(What to produce): Every line of the material below should be copied exactly.

(Information supplied):
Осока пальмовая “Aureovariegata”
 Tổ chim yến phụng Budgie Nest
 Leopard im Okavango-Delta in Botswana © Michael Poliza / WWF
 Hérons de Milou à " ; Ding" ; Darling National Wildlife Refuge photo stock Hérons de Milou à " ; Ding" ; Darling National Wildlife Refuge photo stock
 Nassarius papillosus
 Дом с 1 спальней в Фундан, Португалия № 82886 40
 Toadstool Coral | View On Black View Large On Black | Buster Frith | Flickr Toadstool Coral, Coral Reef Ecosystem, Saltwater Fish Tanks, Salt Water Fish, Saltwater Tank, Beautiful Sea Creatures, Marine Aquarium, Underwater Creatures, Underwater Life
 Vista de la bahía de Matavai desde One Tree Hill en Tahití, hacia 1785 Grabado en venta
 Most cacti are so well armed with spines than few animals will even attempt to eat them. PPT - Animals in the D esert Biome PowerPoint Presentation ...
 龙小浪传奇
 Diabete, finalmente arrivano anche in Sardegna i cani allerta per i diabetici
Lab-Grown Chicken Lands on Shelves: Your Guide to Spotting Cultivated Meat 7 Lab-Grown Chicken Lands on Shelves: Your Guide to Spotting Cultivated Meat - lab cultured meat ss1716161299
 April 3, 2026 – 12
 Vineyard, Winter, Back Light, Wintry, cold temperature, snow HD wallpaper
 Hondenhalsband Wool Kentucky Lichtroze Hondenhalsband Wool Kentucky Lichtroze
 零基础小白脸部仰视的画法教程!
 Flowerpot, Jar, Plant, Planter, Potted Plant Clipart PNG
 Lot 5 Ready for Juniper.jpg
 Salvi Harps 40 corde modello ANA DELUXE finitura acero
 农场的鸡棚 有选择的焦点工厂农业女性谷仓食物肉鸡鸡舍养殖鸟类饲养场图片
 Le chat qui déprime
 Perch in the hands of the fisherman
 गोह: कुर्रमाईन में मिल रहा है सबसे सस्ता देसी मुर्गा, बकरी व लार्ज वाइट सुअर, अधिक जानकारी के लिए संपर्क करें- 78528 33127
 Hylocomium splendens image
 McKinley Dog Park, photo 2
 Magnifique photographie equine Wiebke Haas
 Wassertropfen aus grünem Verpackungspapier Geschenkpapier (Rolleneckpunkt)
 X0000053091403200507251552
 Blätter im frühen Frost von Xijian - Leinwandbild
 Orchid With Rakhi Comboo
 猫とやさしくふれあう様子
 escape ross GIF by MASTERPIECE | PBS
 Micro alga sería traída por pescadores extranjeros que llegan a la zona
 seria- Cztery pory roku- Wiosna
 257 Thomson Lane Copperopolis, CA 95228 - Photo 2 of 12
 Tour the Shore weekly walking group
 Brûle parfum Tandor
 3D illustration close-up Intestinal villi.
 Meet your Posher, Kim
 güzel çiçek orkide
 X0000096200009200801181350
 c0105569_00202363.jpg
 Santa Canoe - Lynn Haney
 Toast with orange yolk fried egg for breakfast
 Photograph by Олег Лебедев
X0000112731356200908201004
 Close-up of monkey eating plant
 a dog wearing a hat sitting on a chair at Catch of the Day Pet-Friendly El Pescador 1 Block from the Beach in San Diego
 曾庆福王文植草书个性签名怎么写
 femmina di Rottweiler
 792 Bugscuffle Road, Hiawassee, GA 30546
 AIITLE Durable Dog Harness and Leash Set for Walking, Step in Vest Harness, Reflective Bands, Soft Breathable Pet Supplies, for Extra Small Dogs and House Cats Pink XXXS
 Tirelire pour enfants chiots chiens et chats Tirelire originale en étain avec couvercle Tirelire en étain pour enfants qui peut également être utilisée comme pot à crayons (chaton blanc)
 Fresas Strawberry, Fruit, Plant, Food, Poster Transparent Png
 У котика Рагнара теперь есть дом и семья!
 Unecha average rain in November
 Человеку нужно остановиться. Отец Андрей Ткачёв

(Answer section):
Осока пальмовая “Aureovariegata”
 Tổ chim yến phụng Budgie Nest
 Leopard im Okavango-Delta in Botswana © Michael Poliza / WWF
 Hérons de Milou à " ; Ding" ; Darling National Wildlife Refuge photo stock Hérons de Milou à " ; Ding" ; Darling National Wildlife Refuge photo stock
 Nassarius papillosus
 Дом с 1 спальней в Фундан, Португалия № 82886 40
 Toadstool Coral | View On Black View Large On Black | Buster Frith | Flickr Toadstool Coral, Coral Reef Ecosystem, Saltwater Fish Tanks, Salt Water Fish, Saltwater Tank, Beautiful Sea Creatures, Marine Aquarium, Underwater Creatures, Underwater Life
 Vista de la bahía de Matavai desde One Tree Hill en Tahití, hacia 1785 Grabado en venta
 Most cacti are so well armed with spines than few animals will even attempt to eat them. PPT - Animals in the D esert Biome PowerPoint Presentation ...
 龙小浪传奇
 Diabete, finalmente arrivano anche in Sardegna i cani allerta per i diabetici
Lab-Grown Chicken Lands on Shelves: Your Guide to Spotting Cultivated Meat 7 Lab-Grown Chicken Lands on Shelves: Your Guide to Spotting Cultivated Meat - lab cultured meat ss1716161299
 April 3, 2026 – 12
 Vineyard, Winter, Back Light, Wintry, cold temperature, snow HD wallpaper
 Hondenhalsband Wool Kentucky Lichtroze Hondenhalsband Wool Kentucky Lichtroze
 零基础小白脸部仰视的画法教程!
 Flowerpot, Jar, Plant, Planter, Potted Plant Clipart PNG
 Lot 5 Ready for Juniper.jpg
 Salvi Harps 40 corde modello ANA DELUXE finitura acero
 农场的鸡棚 有选择的焦点工厂农业女性谷仓食物肉鸡鸡舍养殖鸟类饲养场图片
 Le chat qui déprime
 Perch in the hands of the fisherman
 गोह: कुर्रमाईन में मिल रहा है सबसे सस्ता देसी मुर्गा, बकरी व लार्ज वाइट सुअर, अधिक जानकारी के लिए संपर्क करें- 78528 33127
 Hylocomium splendens image
 McKinley Dog Park, photo 2
 Magnifique photographie equine Wiebke Haas
 Wassertropfen aus grünem Verpackungspapier Geschenkpapier (Rolleneckpunkt)
 X0000053091403200507251552
 Blätter im frühen Frost von Xijian - Leinwandbild
 Orchid With Rakhi Comboo
 猫とやさしくふれあう様子
 escape ross GIF by MASTERPIECE | PBS
 Micro alga sería traída por pescadores extranjeros que llegan a la zona
 seria- Cztery pory roku- Wiosna
 257 Thomson Lane Copperopolis, CA 95228 - Photo 2 of 12
 Tour the Shore weekly walking group
 Brûle parfum Tandor
 3D illustration close-up Intestinal villi.
 Meet your Posher, Kim
 güzel çiçek orkide
 X0000096200009200801181350
 c0105569_00202363.jpg
 Santa Canoe - Lynn Haney
 Toast with orange yolk fried egg for breakfast
 Photograph by Олег Лебедев
X0000112731356200908201004
 Close-up of monkey eating plant
 a dog wearing a hat sitting on a chair at Catch of the Day Pet-Friendly El Pescador 1 Block from the Beach in San Diego
 曾庆福王文植草书个性签名怎么写
 femmina di Rottweiler
 792 Bugscuffle Road, Hiawassee, GA 30546
 AIITLE Durable Dog Harness and Leash Set for Walking, Step in Vest Harness, Reflective Bands, Soft Breathable Pet Supplies, for Extra Small Dogs and House Cats Pink XXXS
 Tirelire pour enfants chiots chiens et chats Tirelire originale en étain avec couvercle Tirelire en étain pour enfants qui peut également être utilisée comme pot à crayons (chaton blanc)
 Fresas Strawberry, Fruit, Plant, Food, Poster Transparent Png
 У котика Рагнара теперь есть дом и семья!
 Unecha average rain in November
 Человеку нужно остановиться. Отец Андрей Ткачёв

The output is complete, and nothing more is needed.